- [Your objective]: Lines from the top of the entries through the line that has "Connectivity Connectivity Certification" must be duplicated exactly, and no others.

[Recorded data]
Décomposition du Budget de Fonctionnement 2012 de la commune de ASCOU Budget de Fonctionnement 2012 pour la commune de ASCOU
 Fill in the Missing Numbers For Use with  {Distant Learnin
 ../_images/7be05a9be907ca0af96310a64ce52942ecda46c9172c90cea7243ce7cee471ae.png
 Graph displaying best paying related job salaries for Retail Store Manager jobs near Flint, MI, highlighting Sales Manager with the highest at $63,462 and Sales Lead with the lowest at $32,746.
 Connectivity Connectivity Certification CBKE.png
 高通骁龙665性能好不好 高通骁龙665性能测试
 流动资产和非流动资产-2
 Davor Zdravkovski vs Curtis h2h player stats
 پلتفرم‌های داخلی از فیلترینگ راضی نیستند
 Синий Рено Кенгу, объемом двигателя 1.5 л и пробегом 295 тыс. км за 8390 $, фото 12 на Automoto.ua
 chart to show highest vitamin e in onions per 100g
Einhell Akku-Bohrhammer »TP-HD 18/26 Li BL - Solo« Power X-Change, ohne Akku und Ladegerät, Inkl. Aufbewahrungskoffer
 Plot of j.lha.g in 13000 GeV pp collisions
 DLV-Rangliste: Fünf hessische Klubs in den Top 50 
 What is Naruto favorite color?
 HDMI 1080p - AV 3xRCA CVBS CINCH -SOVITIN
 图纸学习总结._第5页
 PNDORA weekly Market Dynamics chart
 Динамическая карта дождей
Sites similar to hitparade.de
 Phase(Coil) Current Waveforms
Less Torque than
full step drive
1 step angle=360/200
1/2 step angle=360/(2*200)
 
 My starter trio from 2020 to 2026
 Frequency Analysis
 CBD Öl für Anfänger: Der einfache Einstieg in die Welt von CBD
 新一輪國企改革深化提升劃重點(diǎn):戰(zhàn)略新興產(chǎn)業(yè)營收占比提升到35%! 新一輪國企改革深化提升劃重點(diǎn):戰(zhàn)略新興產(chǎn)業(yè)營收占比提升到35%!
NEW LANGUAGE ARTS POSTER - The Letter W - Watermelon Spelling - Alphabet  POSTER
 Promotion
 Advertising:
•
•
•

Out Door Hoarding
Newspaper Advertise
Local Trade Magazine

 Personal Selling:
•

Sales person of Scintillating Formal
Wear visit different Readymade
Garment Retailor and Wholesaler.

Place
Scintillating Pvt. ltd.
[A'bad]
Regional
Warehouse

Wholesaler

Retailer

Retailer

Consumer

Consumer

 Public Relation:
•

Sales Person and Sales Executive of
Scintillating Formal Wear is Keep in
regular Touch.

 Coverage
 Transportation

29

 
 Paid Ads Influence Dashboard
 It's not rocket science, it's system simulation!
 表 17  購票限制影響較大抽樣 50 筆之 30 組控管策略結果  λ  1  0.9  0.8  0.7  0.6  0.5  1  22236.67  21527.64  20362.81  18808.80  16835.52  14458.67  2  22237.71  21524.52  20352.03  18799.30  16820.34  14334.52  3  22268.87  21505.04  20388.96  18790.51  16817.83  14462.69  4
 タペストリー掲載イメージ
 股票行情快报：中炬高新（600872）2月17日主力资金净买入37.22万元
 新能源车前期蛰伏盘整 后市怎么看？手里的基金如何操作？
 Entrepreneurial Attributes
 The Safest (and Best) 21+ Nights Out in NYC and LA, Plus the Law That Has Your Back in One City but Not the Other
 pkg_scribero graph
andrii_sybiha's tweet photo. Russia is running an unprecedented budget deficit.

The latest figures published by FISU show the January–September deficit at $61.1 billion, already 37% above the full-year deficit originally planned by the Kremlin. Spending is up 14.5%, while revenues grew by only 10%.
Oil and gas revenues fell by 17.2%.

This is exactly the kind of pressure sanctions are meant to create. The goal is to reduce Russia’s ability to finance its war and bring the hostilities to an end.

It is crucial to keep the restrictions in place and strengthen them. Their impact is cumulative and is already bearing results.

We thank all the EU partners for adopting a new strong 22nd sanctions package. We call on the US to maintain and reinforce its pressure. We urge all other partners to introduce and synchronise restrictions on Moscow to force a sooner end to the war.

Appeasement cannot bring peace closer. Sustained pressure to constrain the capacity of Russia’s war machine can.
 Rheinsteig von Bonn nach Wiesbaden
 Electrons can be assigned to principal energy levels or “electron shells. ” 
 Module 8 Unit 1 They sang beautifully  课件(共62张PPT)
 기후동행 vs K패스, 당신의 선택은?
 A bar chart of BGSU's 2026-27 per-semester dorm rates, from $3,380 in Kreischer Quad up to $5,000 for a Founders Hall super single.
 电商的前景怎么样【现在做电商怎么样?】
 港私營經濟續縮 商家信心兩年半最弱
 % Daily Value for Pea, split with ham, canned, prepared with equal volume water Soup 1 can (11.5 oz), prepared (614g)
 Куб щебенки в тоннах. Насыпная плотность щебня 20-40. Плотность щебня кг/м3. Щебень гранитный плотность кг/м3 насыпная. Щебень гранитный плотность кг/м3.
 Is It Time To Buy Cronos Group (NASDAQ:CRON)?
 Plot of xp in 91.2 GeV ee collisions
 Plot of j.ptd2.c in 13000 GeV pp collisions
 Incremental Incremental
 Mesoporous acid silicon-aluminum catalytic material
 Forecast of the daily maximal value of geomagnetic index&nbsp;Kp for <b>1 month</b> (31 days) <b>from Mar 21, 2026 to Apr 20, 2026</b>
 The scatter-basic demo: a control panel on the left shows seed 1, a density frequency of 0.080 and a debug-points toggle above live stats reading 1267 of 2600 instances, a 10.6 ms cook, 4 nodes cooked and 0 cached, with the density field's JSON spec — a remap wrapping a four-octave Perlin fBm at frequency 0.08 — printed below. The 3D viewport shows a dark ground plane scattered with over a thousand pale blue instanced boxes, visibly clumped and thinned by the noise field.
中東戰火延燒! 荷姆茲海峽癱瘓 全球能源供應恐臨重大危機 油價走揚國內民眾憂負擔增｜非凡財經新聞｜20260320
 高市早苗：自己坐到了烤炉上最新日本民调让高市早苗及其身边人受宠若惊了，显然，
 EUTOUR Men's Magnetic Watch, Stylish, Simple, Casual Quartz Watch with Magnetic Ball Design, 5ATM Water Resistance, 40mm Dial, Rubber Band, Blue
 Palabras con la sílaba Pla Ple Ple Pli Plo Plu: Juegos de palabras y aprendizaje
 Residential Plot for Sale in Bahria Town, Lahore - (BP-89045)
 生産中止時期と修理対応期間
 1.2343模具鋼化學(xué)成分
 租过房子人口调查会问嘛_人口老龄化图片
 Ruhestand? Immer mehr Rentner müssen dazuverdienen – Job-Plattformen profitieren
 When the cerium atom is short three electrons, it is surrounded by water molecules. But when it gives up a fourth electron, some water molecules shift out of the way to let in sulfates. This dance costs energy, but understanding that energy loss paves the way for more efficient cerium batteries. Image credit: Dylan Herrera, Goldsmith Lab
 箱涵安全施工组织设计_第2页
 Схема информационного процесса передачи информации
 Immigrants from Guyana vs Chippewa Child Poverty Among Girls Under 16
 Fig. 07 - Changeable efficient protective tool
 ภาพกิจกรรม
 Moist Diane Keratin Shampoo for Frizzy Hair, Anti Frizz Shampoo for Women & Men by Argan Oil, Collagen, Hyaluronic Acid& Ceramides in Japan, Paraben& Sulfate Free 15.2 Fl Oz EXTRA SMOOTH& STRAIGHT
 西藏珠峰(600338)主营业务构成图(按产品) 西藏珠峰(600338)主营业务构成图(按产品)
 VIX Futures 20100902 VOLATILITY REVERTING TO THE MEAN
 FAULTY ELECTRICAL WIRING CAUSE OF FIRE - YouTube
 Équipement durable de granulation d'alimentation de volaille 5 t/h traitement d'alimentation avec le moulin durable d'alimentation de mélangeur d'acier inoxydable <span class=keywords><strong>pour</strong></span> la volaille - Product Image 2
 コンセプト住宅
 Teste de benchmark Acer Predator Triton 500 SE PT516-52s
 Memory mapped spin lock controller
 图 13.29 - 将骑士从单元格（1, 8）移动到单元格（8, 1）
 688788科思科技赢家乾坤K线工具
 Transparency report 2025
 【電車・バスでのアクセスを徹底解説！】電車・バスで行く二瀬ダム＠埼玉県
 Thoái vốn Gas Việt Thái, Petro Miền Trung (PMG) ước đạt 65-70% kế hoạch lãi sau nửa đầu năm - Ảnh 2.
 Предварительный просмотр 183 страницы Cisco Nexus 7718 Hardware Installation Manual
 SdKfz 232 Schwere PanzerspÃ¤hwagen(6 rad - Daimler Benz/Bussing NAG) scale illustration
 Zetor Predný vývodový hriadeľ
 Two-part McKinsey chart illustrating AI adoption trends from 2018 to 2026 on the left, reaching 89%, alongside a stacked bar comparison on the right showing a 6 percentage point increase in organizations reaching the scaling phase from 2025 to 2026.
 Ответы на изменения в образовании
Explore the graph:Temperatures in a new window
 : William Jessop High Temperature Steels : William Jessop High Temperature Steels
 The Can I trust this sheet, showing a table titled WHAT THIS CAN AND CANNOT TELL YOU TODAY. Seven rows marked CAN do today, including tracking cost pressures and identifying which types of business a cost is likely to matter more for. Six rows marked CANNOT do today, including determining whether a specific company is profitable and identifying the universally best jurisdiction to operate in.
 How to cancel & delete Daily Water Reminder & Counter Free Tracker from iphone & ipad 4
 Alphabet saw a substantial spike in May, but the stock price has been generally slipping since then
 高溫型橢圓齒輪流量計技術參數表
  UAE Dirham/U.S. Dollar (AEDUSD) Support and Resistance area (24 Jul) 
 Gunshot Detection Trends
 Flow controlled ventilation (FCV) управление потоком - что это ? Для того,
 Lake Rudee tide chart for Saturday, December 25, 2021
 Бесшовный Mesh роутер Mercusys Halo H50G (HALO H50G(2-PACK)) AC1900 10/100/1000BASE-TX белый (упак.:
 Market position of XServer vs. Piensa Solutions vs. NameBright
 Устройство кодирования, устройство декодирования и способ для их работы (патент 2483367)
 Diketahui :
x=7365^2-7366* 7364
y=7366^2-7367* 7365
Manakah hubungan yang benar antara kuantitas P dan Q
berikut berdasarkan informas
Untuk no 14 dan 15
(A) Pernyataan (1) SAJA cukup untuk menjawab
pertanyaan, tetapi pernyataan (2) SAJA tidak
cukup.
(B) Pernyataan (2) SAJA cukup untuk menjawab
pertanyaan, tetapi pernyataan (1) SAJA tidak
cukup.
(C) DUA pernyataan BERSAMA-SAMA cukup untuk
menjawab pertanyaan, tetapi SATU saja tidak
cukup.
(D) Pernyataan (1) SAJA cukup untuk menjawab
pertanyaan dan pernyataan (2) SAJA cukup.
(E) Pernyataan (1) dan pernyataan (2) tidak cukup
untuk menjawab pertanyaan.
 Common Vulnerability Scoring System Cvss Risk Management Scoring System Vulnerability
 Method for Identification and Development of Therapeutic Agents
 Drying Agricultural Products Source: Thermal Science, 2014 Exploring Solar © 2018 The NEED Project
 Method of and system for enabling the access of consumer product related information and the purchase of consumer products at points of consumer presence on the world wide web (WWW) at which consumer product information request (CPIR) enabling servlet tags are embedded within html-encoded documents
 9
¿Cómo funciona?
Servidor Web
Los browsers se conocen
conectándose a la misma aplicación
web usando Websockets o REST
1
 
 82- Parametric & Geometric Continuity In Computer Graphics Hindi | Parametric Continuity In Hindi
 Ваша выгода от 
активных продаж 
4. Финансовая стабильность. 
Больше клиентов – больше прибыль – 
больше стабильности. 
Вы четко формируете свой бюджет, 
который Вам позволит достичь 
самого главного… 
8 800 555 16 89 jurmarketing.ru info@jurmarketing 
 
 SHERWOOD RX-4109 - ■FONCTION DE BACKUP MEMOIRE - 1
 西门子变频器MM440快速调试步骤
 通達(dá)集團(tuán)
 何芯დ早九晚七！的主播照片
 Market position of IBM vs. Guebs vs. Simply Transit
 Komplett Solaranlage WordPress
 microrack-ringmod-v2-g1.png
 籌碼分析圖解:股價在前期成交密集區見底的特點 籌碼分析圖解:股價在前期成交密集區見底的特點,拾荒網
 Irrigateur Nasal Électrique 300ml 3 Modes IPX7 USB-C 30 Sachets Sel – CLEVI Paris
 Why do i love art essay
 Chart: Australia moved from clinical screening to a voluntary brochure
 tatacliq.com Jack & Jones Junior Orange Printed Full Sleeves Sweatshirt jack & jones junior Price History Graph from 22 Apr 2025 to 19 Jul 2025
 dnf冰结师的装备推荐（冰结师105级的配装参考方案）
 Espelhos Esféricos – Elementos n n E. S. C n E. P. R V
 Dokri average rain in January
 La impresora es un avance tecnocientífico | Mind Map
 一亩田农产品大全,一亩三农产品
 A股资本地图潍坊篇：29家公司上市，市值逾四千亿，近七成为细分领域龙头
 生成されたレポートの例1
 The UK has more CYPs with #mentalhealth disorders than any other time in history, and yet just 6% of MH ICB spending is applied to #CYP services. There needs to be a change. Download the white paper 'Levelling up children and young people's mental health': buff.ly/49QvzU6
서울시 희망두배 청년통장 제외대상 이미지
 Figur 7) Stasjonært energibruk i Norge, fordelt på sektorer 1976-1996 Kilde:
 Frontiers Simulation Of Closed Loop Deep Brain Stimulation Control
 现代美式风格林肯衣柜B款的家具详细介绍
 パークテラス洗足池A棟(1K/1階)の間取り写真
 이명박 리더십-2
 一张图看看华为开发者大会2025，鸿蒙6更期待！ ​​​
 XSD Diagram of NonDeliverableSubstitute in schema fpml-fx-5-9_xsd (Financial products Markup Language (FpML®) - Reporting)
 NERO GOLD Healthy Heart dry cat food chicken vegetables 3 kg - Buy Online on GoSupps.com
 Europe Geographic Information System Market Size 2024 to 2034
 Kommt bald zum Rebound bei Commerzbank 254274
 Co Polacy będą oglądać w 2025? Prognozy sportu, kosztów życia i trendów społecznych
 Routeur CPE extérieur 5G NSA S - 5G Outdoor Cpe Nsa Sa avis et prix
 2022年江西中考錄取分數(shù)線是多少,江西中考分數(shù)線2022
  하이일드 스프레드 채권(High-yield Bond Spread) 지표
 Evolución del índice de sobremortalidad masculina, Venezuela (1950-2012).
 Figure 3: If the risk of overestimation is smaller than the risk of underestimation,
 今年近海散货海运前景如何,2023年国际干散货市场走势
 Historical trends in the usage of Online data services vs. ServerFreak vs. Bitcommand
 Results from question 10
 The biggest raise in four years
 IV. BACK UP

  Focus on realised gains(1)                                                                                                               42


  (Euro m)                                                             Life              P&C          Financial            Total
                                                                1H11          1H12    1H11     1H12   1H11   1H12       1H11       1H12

- [Solution to the problem]:
Décomposition du Budget de Fonctionnement 2012 de la commune de ASCOU Budget de Fonctionnement 2012 pour la commune de ASCOU
 Fill in the Missing Numbers For Use with  {Distant Learnin
 ../_images/7be05a9be907ca0af96310a64ce52942ecda46c9172c90cea7243ce7cee471ae.png
 Graph displaying best paying related job salaries for Retail Store Manager jobs near Flint, MI, highlighting Sales Manager with the highest at $63,462 and Sales Lead with the lowest at $32,746.
 Connectivity Connectivity Certification CBKE.png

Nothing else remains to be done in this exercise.